The key insight of Jeanne Kirkpatrick's authoritarian/totalitarian dichotomy is that, as a general rule, conservative autocrats allied with the West willingly devolve power to the people once stability is guaranteed.

Posted by Orrin Judd at March 14, 2006 1:15 PM

Was it good to have a king when the king was an overbearing patriarch reigning over the torture and deaths of thousands of political prisoners, and the oppression of all women ?

When the present king wins praise for dismantling his father's legacy, it strongly suggests that it isn't always good to have a king.

America broke with England not because we hated the idea of monarchy, but because there was no mechanism for replacing a failed monarch.

Posted by: Noam Chomsky at March 14, 2006 2:08 PM


Yes, it was, the difference is that between the Morocco he left behind and Libya.

George wasn't a failed monarch--Parliament had failed to provide for government of America by consent of the governed.

Posted by: oj at March 14, 2006 2:12 PM

The Moroccan dynasty is supposedly a rather ancient one, on the throne for several centuries at least. This is a huge advantage -- it has monarchical legitimacy in the eyes of its people, and can get away with doing a lot of liberalizing. The Saudi and Jordanian parvenu kings seem like much more nervous nellies, probably because their grasp on their thrones is both much more recent and (at least in Jordan) the result of Western (British) machinations.

Posted by: Lisa at March 14, 2006 2:31 PM

I don't know which histories oj has been reading, but I'm fairly sure that George III's hamfistedness was a major contributor to America declaring independence.

Posted by: Ali Choudhury at March 14, 2006 4:21 PM


It wasn't. Even fairly late in the game most Colonists wanted George as their king but either representation in Parliament or a separate representative here.

Posted by: oj at March 14, 2006 5:01 PM

That's what the colonists wanted, for a bunch of reasons. That doesn't mean that Ali isn't right: George had a lot of control over colonial policy. In fact, it was George's exercise of his powers, which had been dormant since the Civil War, that angered the colonists and got them thinking about their rights as Englishmen.

Posted by: David Cohen at March 14, 2006 5:05 PM

Yes, George should have been more aggressive with Parliament and if they wouldn't extend further rights to Americans should have taken their side. There's no reason he couldn't have ended up being king of both an independent America and Britain.

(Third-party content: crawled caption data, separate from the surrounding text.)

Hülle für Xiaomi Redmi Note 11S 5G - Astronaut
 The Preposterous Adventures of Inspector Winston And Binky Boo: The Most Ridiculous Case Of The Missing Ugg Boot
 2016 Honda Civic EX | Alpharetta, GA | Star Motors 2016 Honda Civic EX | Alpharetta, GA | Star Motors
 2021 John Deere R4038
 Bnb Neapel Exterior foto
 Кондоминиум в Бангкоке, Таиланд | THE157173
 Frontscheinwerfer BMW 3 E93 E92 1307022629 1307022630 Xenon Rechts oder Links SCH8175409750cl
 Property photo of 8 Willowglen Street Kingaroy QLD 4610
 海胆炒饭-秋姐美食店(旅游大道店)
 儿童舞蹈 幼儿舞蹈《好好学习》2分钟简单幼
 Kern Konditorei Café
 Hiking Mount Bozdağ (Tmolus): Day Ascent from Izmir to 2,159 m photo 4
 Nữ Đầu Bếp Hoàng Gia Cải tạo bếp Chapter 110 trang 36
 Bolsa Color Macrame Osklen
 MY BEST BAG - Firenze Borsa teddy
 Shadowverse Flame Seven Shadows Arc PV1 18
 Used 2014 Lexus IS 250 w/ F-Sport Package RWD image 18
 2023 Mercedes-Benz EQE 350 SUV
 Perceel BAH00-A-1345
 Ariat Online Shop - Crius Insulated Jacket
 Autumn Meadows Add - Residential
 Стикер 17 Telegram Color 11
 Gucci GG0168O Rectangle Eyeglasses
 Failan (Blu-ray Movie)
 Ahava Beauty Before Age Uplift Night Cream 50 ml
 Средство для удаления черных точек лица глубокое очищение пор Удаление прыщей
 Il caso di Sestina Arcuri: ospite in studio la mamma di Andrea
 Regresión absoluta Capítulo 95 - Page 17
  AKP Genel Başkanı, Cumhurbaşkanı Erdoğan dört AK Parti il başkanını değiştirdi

Posted by: oj at March 14, 2006 5:13 PM

Except that it was George who thought they had too many fictitious "rights" and wanted to take them away. The whole point of the representation fight was that George wanted freedom to act in the colonies without too much parliamentary interference.

Posted by: David Cohen at March 14, 2006 5:59 PM

Yes, George and the Americans should have been free of a non-representative Parliament.